Heimdall (played by Idris Elba in the Marvel Cinematic Universe)

References

  1. Spang, A., Saw, J. H., Jørgensen, S. L., Zaremba-Niedzwiedzka, K., Martijn, J., Lind, A. E., … Ettema, T. J. G. (2015). Complex archaea that bridge the gap between prokaryotes and eukaryotes. Nature, 521(7551), 173–179. doi:10.1038/nature14447
  2. Neil Gaiman. Norse Mythology. Bloomsbury: London, 2017.
  3. Zaremba-Niedzwiedzka K,  Caceres EF, Saw JH, et al. Asgard archaea illuminate the origin of eukaryotic cellular complexity. Nature 2017, 541:XXX. doi10.1038/nature21031
  4. Betts HC, Puttick MN, Clark JW, Williams TA, Donoghue PCJ, Pisani D. Integrated genomic and fossil evidence illuminates life’s early evolution and eukaryote origin. Nat Ecol Evol. 2018;2(10):1556–1562. doi:10.1038/s41559-018-0644-x
  5. Imachi H, Nobu MK et al. Isolation of an archaeon at the prokaryote-eukaryote interface. Nature 577, 519–525 (2020)
  6. Schleper C, Sousa FL. Meet the relatives of our cellular ancestors. Nature 2020, 577: 478-479.
  7. Hug LA, Baker BJ, Anantharaman K, Brown CT, Probst AJ, Castelle CJ et al. (2016). A new view of the tree of life. Nat Microbiol 1: 16048.

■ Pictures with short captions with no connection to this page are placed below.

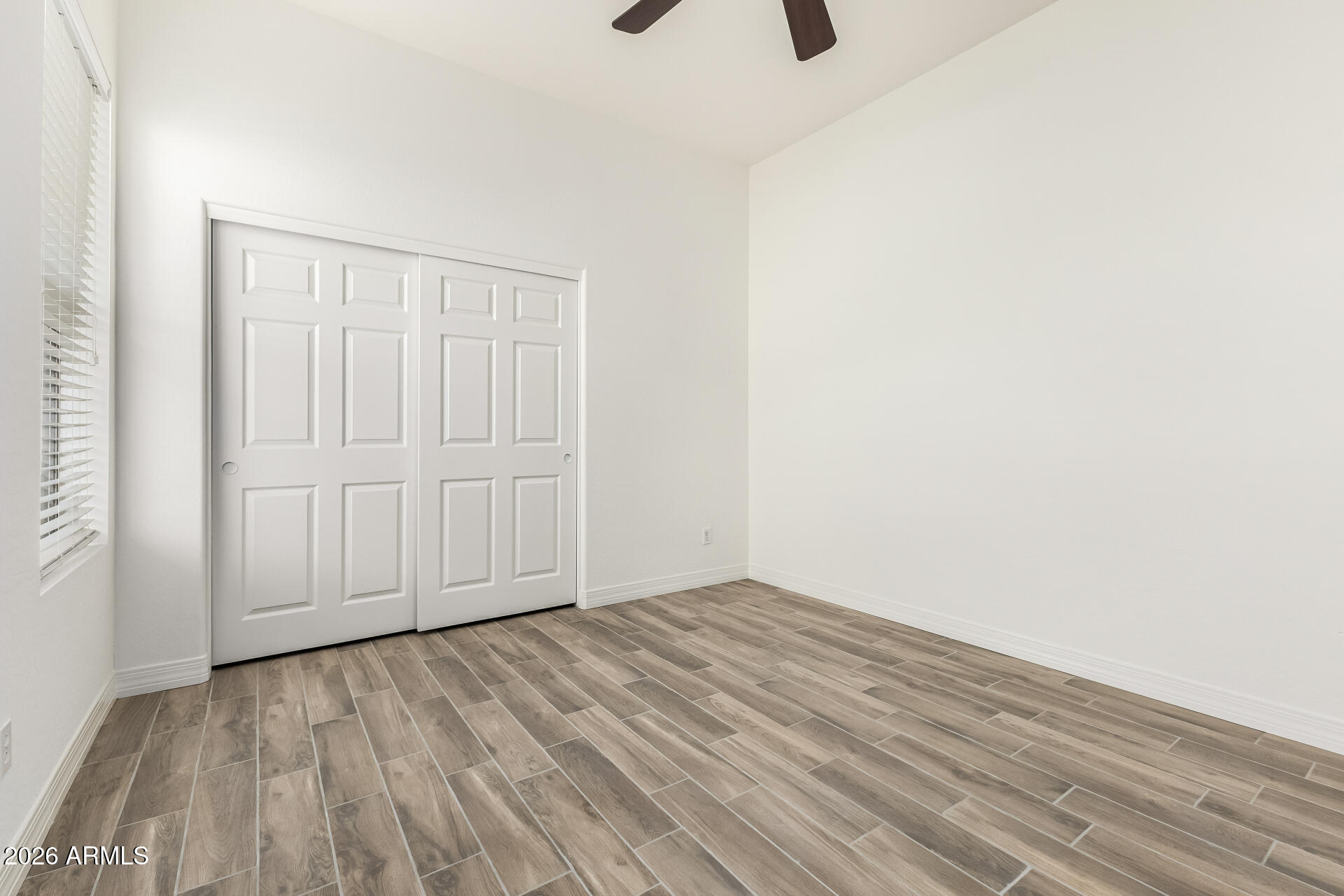 15468 West Coolidge Street Goodyear, AZ 85395 - Photo 30 of 36 30 - Coolidge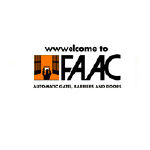 Faac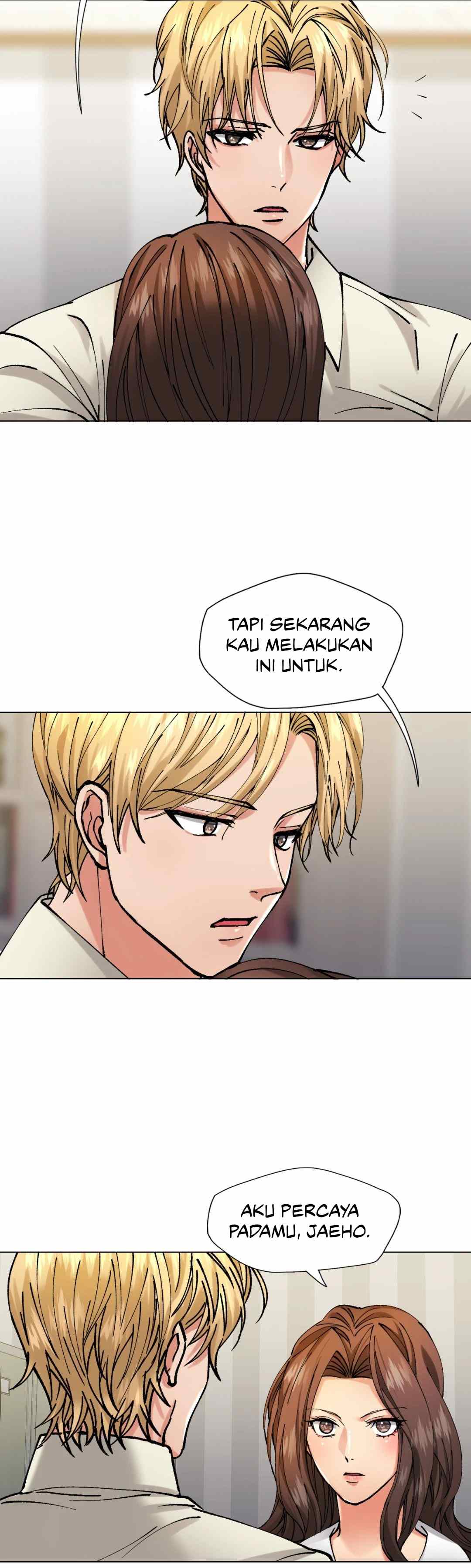 My Year - Chapter 65 9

2 thoughts on “Our Asgardian ancestors

  1. I find it amazing what the advances in genetic science are able to tell us about our evolution and ancestors. Truly a wonderful time to be alive during a period when we have learnt to read the recipes deep within our cells and those of other organisms and deduce the family relationships. But we are on the verge of editing the codes of life and of creating synthetic life and that really does make me wonder where the human race is heading and whether it will survive in recognisable form. I’ve even read articles by scientists who have created two new DNA bases that don’t exist in nature and used them to construct DNA sequences that produce proteins that don’t exist in nature.